**INSTRUCTIONS TO FOLLOW**
Transcribe the stretch of entries below from the line with "Конфеты MIESZKO Brandy" through the line with "H-Asp-Gly-Asp-Asp-Ty", exactly and with both ends included; leave out all other lines.
┌─ SUPPLIED RECORDS
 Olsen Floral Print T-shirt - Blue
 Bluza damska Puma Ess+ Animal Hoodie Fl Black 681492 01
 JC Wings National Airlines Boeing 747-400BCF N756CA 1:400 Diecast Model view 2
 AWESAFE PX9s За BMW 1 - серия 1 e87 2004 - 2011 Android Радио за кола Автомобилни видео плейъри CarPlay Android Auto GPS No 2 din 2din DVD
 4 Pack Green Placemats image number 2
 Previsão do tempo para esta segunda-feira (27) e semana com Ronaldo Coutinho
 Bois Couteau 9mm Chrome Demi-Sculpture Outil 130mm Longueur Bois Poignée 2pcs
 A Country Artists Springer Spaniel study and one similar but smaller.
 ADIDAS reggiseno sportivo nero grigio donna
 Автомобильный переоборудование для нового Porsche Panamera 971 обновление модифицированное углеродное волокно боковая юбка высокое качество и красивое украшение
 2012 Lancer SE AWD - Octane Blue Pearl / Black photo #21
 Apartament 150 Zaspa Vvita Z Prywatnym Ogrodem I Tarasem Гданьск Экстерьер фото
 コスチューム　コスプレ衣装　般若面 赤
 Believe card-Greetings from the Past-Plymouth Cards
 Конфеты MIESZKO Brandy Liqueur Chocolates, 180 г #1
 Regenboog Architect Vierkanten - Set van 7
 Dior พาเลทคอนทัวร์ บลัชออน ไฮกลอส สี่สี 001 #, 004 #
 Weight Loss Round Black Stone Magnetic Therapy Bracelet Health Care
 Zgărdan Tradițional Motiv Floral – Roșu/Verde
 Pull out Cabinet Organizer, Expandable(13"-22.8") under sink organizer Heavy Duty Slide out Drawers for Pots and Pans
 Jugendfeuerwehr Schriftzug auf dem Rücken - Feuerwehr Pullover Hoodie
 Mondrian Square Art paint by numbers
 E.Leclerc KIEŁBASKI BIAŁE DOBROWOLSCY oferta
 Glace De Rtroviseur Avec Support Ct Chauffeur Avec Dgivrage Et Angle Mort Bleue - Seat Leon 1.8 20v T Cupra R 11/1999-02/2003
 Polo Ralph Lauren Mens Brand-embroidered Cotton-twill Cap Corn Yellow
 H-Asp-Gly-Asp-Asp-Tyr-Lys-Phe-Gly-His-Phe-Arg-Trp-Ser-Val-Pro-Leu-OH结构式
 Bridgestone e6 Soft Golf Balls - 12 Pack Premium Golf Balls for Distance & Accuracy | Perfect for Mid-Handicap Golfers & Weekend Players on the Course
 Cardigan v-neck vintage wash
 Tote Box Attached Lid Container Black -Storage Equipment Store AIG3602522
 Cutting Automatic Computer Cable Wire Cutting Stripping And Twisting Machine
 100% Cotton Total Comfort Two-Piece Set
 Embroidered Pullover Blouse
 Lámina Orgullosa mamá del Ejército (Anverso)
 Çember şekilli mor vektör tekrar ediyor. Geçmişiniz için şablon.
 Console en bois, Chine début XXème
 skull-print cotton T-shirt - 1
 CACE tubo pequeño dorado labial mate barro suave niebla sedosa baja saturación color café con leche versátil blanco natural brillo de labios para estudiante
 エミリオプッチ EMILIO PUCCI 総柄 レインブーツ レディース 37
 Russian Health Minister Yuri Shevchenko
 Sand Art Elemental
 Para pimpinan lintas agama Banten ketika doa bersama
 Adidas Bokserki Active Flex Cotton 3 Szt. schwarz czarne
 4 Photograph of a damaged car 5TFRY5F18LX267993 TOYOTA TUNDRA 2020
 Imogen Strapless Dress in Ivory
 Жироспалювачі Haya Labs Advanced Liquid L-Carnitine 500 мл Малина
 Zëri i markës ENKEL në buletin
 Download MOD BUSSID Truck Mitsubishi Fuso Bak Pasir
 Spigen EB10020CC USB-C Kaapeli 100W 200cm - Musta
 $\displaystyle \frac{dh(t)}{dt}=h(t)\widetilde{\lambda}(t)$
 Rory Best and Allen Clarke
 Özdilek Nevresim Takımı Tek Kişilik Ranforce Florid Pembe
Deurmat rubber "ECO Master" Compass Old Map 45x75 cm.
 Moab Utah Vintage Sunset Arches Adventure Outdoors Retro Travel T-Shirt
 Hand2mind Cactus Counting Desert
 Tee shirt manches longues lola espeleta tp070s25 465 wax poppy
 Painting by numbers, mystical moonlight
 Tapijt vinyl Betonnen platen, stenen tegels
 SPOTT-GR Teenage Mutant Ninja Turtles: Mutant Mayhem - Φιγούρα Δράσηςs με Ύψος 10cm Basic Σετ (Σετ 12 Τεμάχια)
└─
**EXERCISE ANSWER**
 Конфеты MIESZKO Brandy Liqueur Chocolates, 180 г #1
 Regenboog Architect Vierkanten - Set van 7
 Dior พาเลทคอนทัวร์ บลัชออน ไฮกลอส สี่สี 001 #, 004 #
 Weight Loss Round Black Stone Magnetic Therapy Bracelet Health Care
 Zgărdan Tradițional Motiv Floral – Roșu/Verde
 Pull out Cabinet Organizer, Expandable(13"-22.8") under sink organizer Heavy Duty Slide out Drawers for Pots and Pans
 Jugendfeuerwehr Schriftzug auf dem Rücken - Feuerwehr Pullover Hoodie
 Mondrian Square Art paint by numbers
 E.Leclerc KIEŁBASKI BIAŁE DOBROWOLSCY oferta
 Glace De Rtroviseur Avec Support Ct Chauffeur Avec Dgivrage Et Angle Mort Bleue - Seat Leon 1.8 20v T Cupra R 11/1999-02/2003
 Polo Ralph Lauren Mens Brand-embroidered Cotton-twill Cap Corn Yellow
 H-Asp-Gly-Asp-Asp-Tyr-Lys-Phe-Gly-His-Phe-Arg-Trp-Ser-Val-Pro-Leu-OH结构式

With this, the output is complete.